Health – Studies have shown that working with the soil provides numerous benefits for the immune system. Another study has proven that just being amongst plants, whether it be in the garden or the local park, makes us feel happier and reduces stress levels. Also, children are far more likely to eat vegetables that they have personally planted, tended and harvested! All that time in the garden, away from the computer and TV games, will be spent doing satisfying and enjoyable work.
These are just three ways your kids, and everybody else, can benefit by becoming more involved in the natural world by spending time gardening. But how can one motivate their child to get gardening?
Start Young – Get your children to help you out in the garden from as young as possible; before the idea that gardening is ‘lame’ gets implanted into their heads. Easy fun jobs like sowing seeds, watering and planting out younger plants are all suitable.
Quick Growing Plants – While gardening helps to teach children patience, seeing some faster results will stop them losing interest. Plant some quick-to-flower plants. In the food line, growing salad leaves and plants like radishes will provide them with some produce that can be harvested in a relatively short time.
Sensory Gardens – Include in your garden elements that will accommodate for all the senses. Plants that are interesting to touch and feel should be included; as should food plants. Of course, scented plants are always enjoyed by little ones. Water features can be added for sound. See the five part series on that topic under the ‘Garden and Home’ section on KnysLifestyle.com for more tips.

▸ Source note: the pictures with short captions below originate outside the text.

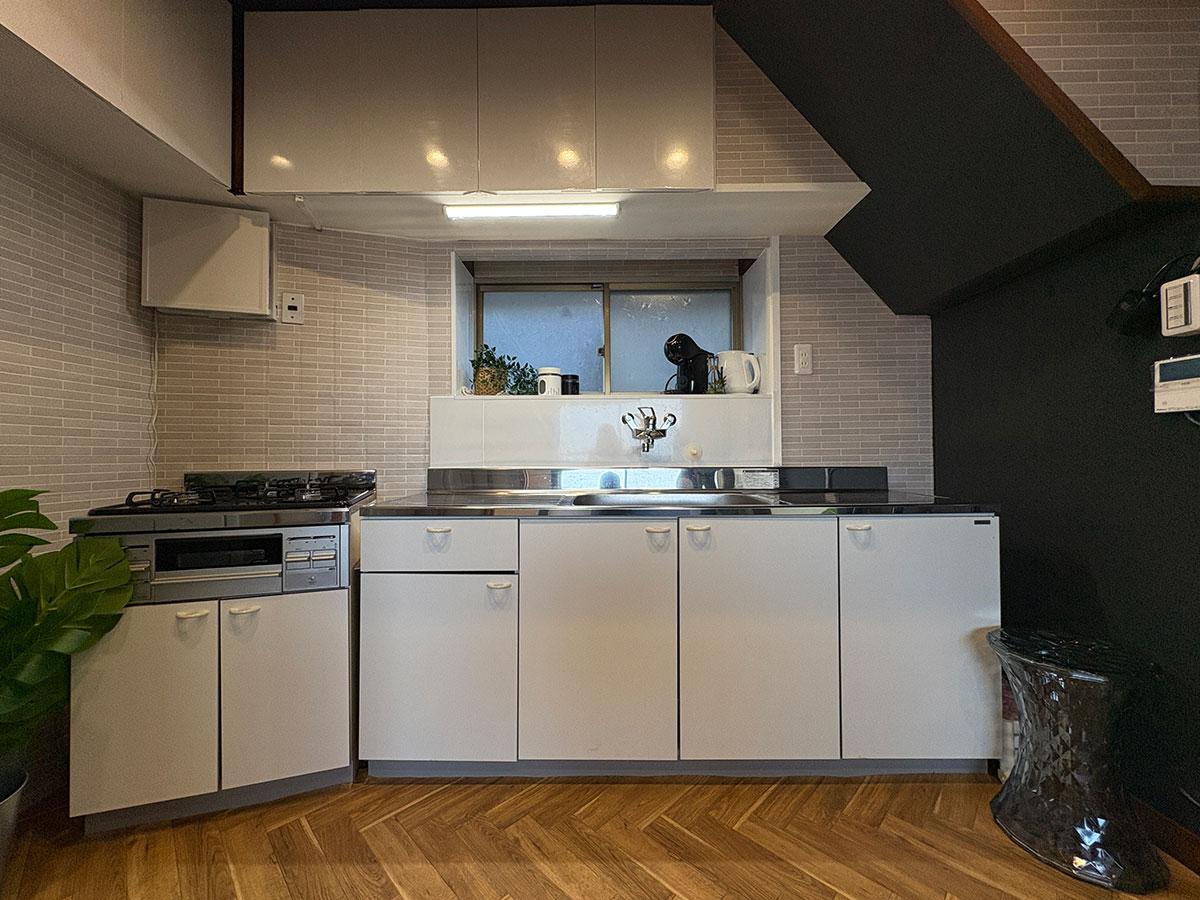 淡路市岩屋の賃貸物件/1Fキッチンは使いやすそう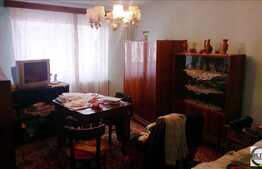 De vanzare apartament 2 camere, 52 mp, decomandat, boxa subsol, zona Big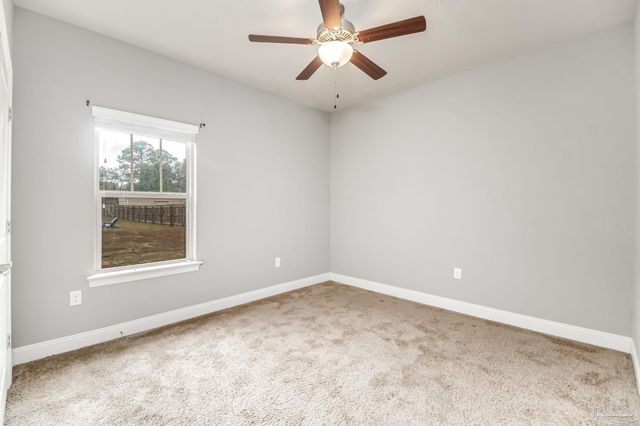 9115 Ridge Dr, Navarre, FL 32566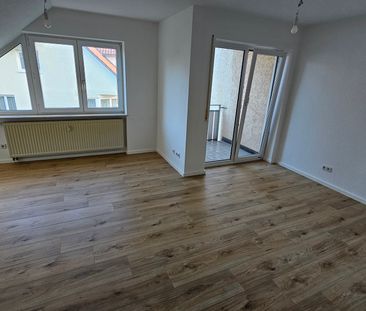 - 1 - Raum-Wohnung mit Balkon und TG - Stellplatz Alles Neu - Photo 3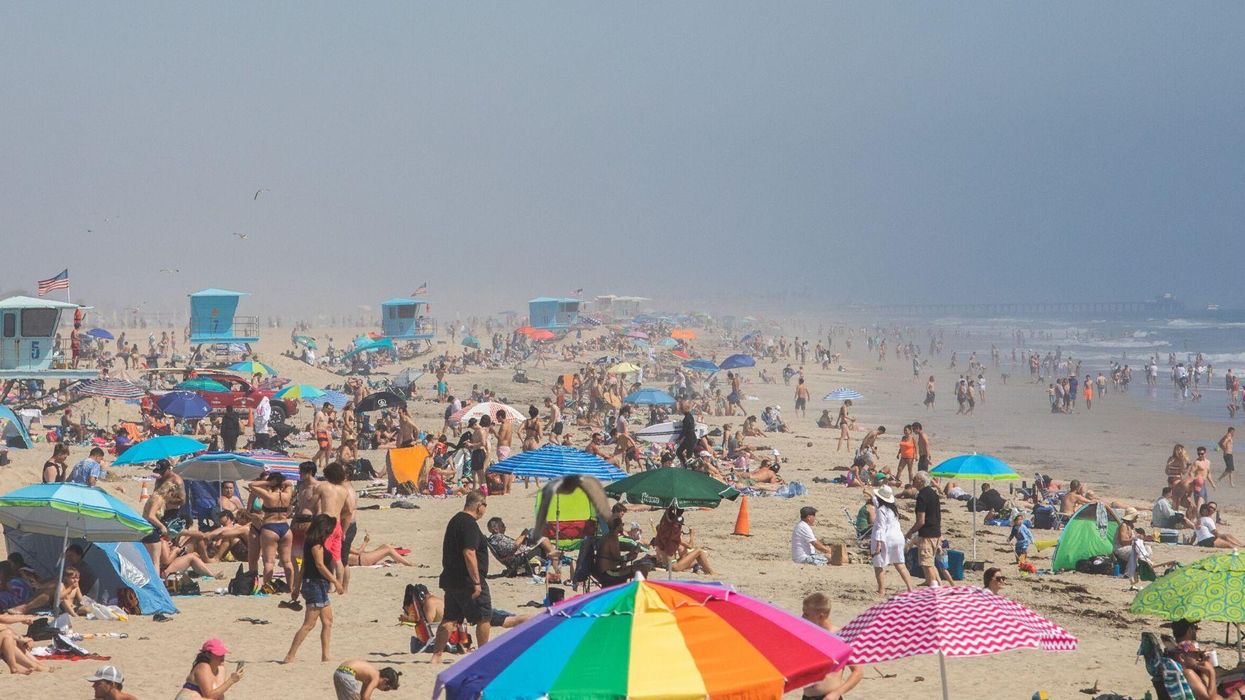 Shocking photos show beaches packed with thousands of people during California heatwave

Own Patch – Children that are old enough can even be given their own portion of the garden. Even if it be a few containers or a section of a border. Give them absolute freedom to sow and plant whatever they choose to from the garden centre, within reason obviously. Having a small part of the garden to call their own will also teach them, to a degree, to be responsible.
It is clearly obvious that all of us need to get outside and into nature more frequently.